Islam Nusantara Bukan Sebuah Ajaran


WAWANCARA dengan Dr Abdullah Khusairi
Islam Nusantara sebuah entitas kebudayaan Islam yang  dipandang dari perspektif sosial budaya. Islam Nusantara berarti memahami corak keberagamaan umat Islam di bumi Nusantara dari waktu ke waktu.
Sekali lagi, saya tidak melihat Islam Nusantara sebuah ajaran. Ia hanyalah hasil dari wacana filosofis, wacana historis dan sosiologis. Sama sekali bukan wacana teologis, apalagi sebuah ajaran lengkap modifikasi dari Islam yang kita kenal. Berikut wawancara Nasrul Azwar dengan pengajar UIN Imam Bonjol Padang yang juga sosok sastrawan ini.
Bagaimana Anda membaca tentang penolakan keras MUI Sumbar terhadap Islam Nusantara?
Adalah boleh berbeda dalam pandangan sepanjang tidak ada yang prinsip-prinsip teologis: akidah dan tauhid. Sebab Islam memang tidak bisa hanya dipahami satu perspektif. Islam sebagai sistem nilai yang bersifat universal, sulit sekali dipadukan dalam satu perspektif pemahaman karena latar belakang ilmu, budaya, daerah, tentu sangatlah mempengaruhi bagaimana orang berislam.

Paling penting dikedepankan adalah menghormati perbedaan pemahaman tanpa menuding ada yang paling benar ada pula yang paling salah.
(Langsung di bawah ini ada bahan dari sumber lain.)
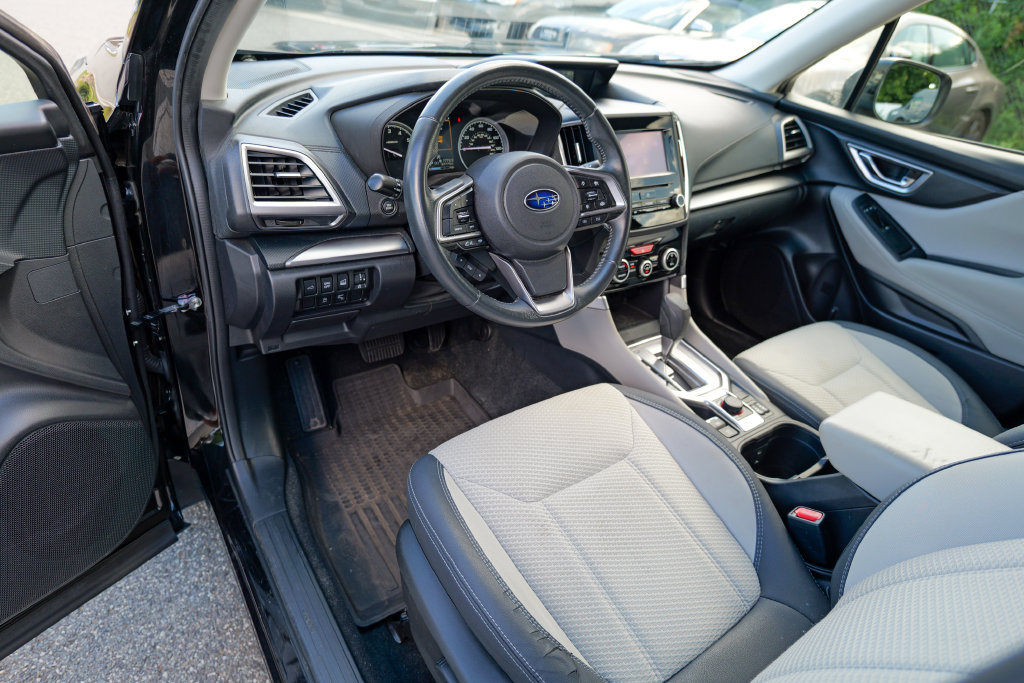 Used 2021 Subaru Forester Premium AWD/4WD image 18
Penolakan itu harus dipandang sah, walau masih menimbul pertanyaan terbalik, siapa yang telah menawarkan sehingga kita harus menolak?
Lalu, selaian ada itu ada pula Islam Berkemajuan yang ditawarkan Muhammadiyah?
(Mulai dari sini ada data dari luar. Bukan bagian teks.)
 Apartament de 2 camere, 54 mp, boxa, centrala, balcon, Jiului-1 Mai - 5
Selain diksi "Islam Nusantara" juga ada diksi "Islam Berkemajuan". Produk wacana dari dua ormas besar yang saya kira patut juga diapresiasi pada wilayah pergerakan, bukan wilayah teologis. Dua diksi ini berbeda jalur pergerakan dengan capaian yang hendak dicapainya sangat tak mungkin buruk dan keliru.
Apakah Anda setuju dengan penolakan MUI terhadap Islam Nusantara?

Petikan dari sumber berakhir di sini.